La delegazione di Eni Sustainable Mobility: importare in Italia le best practice della Silicon Valley
All’Innovation Bootcamp in Silicon Valley ha partecipato anche la delegazione di Eni Sustainable Mobility, la nuova società dedicata alla mobilità sostenibile con l’obiettivo di fornire servizi e prodotti progressivamente decarbonizzati per la transizione energetica, accelerando il percorso verso l’azzeramento delle emissioni lungo il loro intero ciclo di vita. Un team di persone che ha partecipato al primo programma di co-innovazione di Eni insieme a ITA Airways ha affiancato i team a San Francisco.
«È stata un’esperienza molto utile per mettere a fuoco punti di forza e debolezza delle nostre startup e comparare due mercati così diversi, come quello americano e italiano», spiega Ester Minuto che si occupa dello sviluppo delle partnership in Eni Sustainable Mobility. «Abbiamo partecipato mettendoci nei panni degli startupper, adottando il loro punto di vista.

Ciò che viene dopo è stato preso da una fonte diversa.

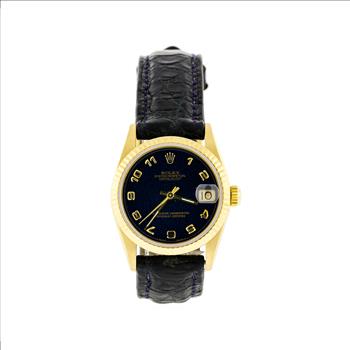 Rolex Datejust 18K Yellow Gold Blue Dial Mid - Size Watch on Black Leather Strap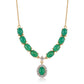 Colier din Argint 925 Placat cu Aur ( 5.26 grame ) cu Opal Verde Etiopian Lega Dembi și Topaz Alb 8.16 Carate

Le dinamiche e le difficoltà che i team incontrano per convincere gli investitori a credere nei loro progetti, le conosciamo perché sono le stesse che viviamo all’interno di una grande azienda multinazionale come Eni. Le domande alla base di ogni progetto sono le stesse: è economicamente fattibile? È sostenibile? Anche noi ricorriamo ai pitch per raccogliere il commitment dei nostri manager. L’Innovation Bootcamp – conclude Minuto – ci aiuta a capire come importare e adattare il modello della Silicon Valley alle peculiarità del nostro Paese. Negli Stati Uniti gli investitori, se credono in un progetto, instaurano un rapporto molto stretto con gli startupper. Da questo punto di vista in Italia c’è ancora molto lavoro da fare».
Davide Di Paolo, Head of Digital Marketing & UX Design di Eni Sustainable Mobility, sottolinea l’importanza della metodologia della vocazione internazionale. «La Silicon Valley è spesso immaginata come una bolla chiusa, inaccessibile, ma non è così. A San Francisco abbiamo trovato apertura e interesse per le startup Italiane. Gli investitori hanno confermato le qualità tecniche e l’elevato livello delle competenze dei team, incentivandoli a migliorare gli aspetti più carenti come il marketing e i processi di vendita. Se le startup seguono un percorso strutturato e guidato da un advisor, possibilmente mescolando background differenti, se seguono una metodologia rigorosa che conduce a una serie di step successivi, possono farcela. Ma devono dotarsi – sottolinea Di Paolo – di una vocazione internazionale non rivolgendosi unicamente al mercato italiano. L’innovazione è la stessa in tutto il mondo: trovare soluzioni semplici a problemi complessi, con concretezza. Quella è la destinazione».